Mike and his crew, Mel and his friends, they all huddled close to Ruki while the crowd closed around them.
“Where we going with this, Mel?” Mike asked.
“Uphill,” Melvin said, indicating the place with a nod. “There’s a guard shack up there.”
They worked their way up hill, the circle of angry townfolk slowly parting ahead and closing behind them. Any time the clown would try to yell out, Ruki cut off his air by jabbing the muzzle into his neck. If he couldn’t yell orders, then the crowd stayed passive and disorganized. Mike almost felt proud of Ruki.
Once they arrived at the guard shack, the crowd in front of them melted away and eight armed guards stood ready. These guys weren’t going to charge in, but neither did they move when Ruki threatened to off their leader. Mike got the impression their orders were no one got past them, even if it meant the leader’s death.
The guards were close together, a tightly knit, organized group. Big mistake.

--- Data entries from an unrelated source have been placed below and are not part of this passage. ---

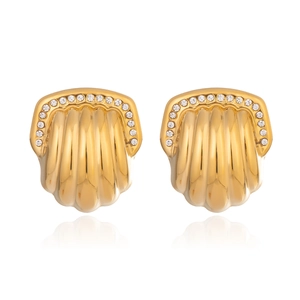 Macro detail of gold fan-shaped stud earrings with sparkling crystal accents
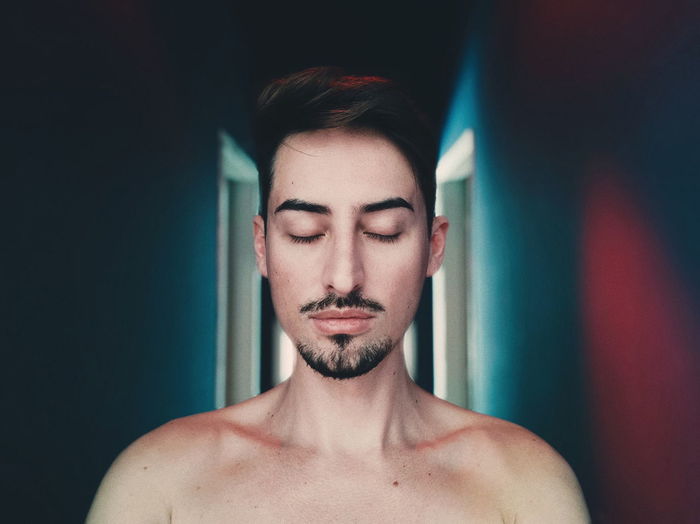 Shirtless young man with eyes closed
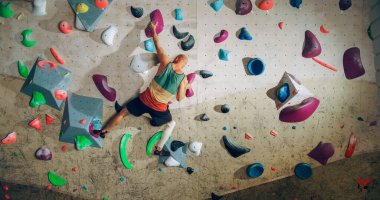 Güçlü Deneyimli Kaya Tırmanışçısı Spor Salonunda Tek başına Bouldering Wall 'a tırmanıyor. Kapalı Spor Salonu 'nda egzersiz yapan, Sağlıklı Yaşam Tarzı Eğitimi İçin Ekstrem Spor Yapan Adam. Arkadan çekim.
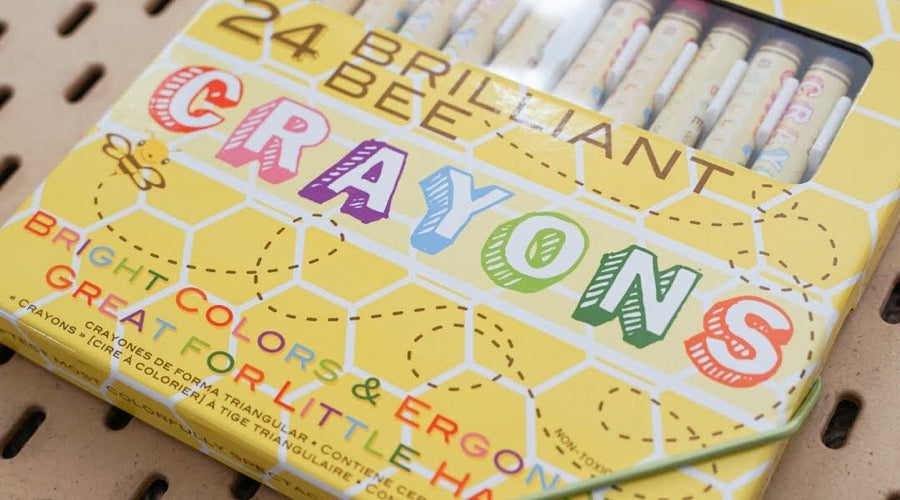 brilliant bee crayons on brown background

Mike stepped in front of Ruki. He smacked his hands together, activating the lightning gloves. The electric arc shot out and put the guards down as the lightning jumped through them. The crowd around them stepped back and exclaimed in fear.

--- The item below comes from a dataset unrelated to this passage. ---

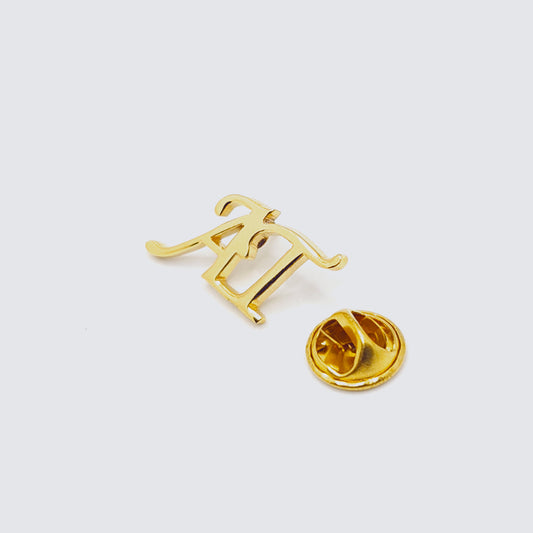 Gold tie clip with a unique design on a white background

“Holy shit,” Jason said, “Where the hell can I score some of those?!”
“Inside, dumbass,” Mike said.
Everyone piled inside while Ruki turned to face the crowd, bringing up the rear with the clown in tow. Before stepping in, Ruki pushed the clown into the crowd. Runt and Savashbahar closed and bolted the door behind him.
Outside the guard shack, the clown was yelling, his Mister Rogers voice well past gone. “Idiots! My life is not worth losing the Death Null’s grace. Quickly, get the weapons, get the swords, the maces and axes. There is still time. Fly children!”
The door barely moved to the beating from outside, but the two windows weren’t as stout. The left one broke first, accompanied by someone’s head emerging through it.
Savashbahar was next to that window, her back against the wall. She thrust out with her dagger, catching the man in his throat with the quickness of a prison shanking. Nobody else’s head came through.
Ruki Provos cranked his diskbow taut, rolled over to that same window and let a diskblade go into the crowd. He moved out of sight again and cranked his diskbow up.
“So, what do we do now?” Ruki asked.
“You’re doing it,” Melvin said. “Mike, I need you and your team to hold the cult back while we go into the cave and stop the Death Null. Think you can handle it?”
The right window shattered. Whoever’s hand it was that broke the window lost it as Runt came down with his Z-weapon.
“Shit, you see my squad,” Mike said. “We got this. What about you? Think you can handle the Thriller video waiting for you up there?”
“Hell yeah,” Mel said. “I’m still mad about getting my face slammed into a barrel. I can’t wait to take it out on those corpses.”
“Go. Take a dump on Death Null then write ‘Melvin Morrow wuz here’ in it with your sword.”
“See you when I get back.”
With a nod, Melvin directed his friends to grab swords and the three of them were out the back door. Mike watched his brother disappear into the mouth of the cave.
I better see you when you get back, Mike thought.
An excited tapping on his shoulder brought him back to the guardhouse. Ruki Provos was pointing at a window.
“What kind of madness did you drag me into this time?!” he asked, his voice panicked.
Sticking their heads and arms in the window were two guys. One was a guard Mike had fried and the other was the dude Savashbahar had stabbed in the throat. Both of them were unblinking, glassy-eyed... very much dead.
Mike pulled his club.
“If you wanted better security, you would’ve paid for it, Ruki. Strap in for a siege.”